* [Exercise directions]: Given these entries, repeat exactly the lines starting with the one that has "Nissan Juke II, 2014" and going on through the one that has "Richard Mille RM056-02", both included, but none of the pictures.

* [Information provided]:
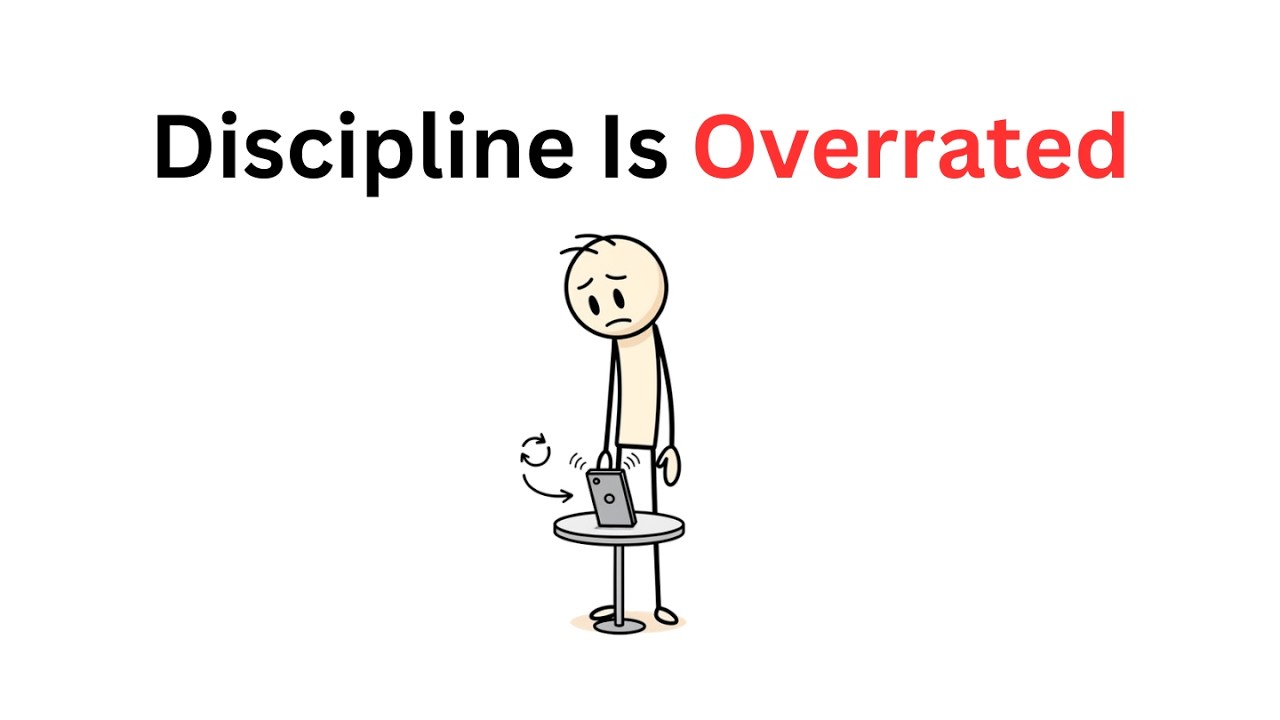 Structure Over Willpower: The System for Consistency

==

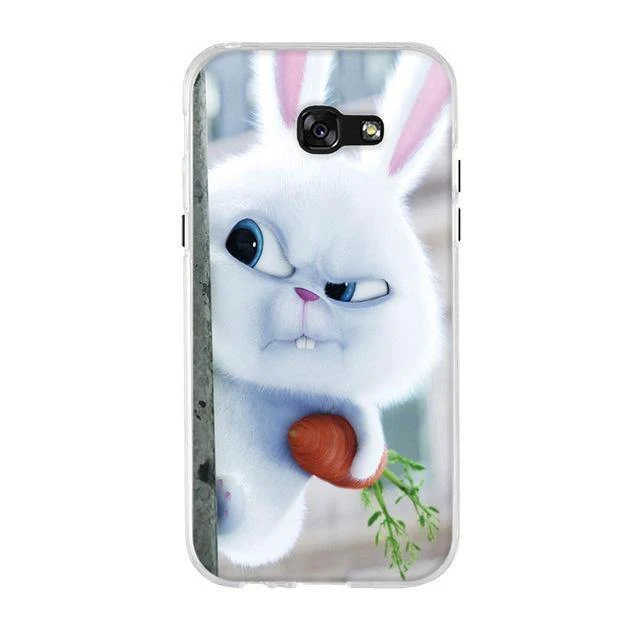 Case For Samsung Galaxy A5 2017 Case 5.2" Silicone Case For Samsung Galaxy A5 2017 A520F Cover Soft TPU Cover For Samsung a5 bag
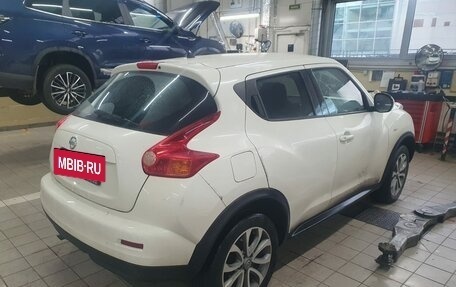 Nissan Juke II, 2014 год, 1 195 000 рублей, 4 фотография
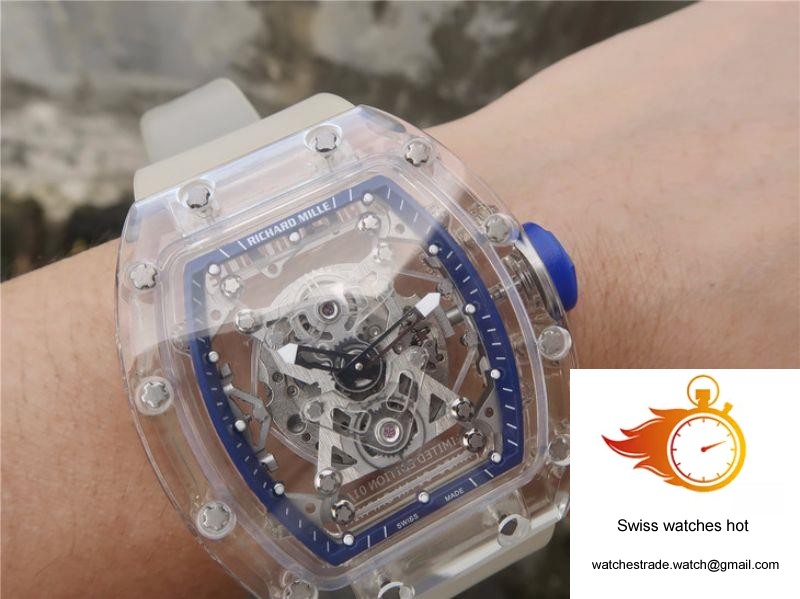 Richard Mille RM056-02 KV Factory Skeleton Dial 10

* [Exercise response]:
 Nissan Juke II, 2014 год, 1 195 000 рублей, 4 фотография
 Richard Mille RM056-02 KV Factory Skeleton Dial 10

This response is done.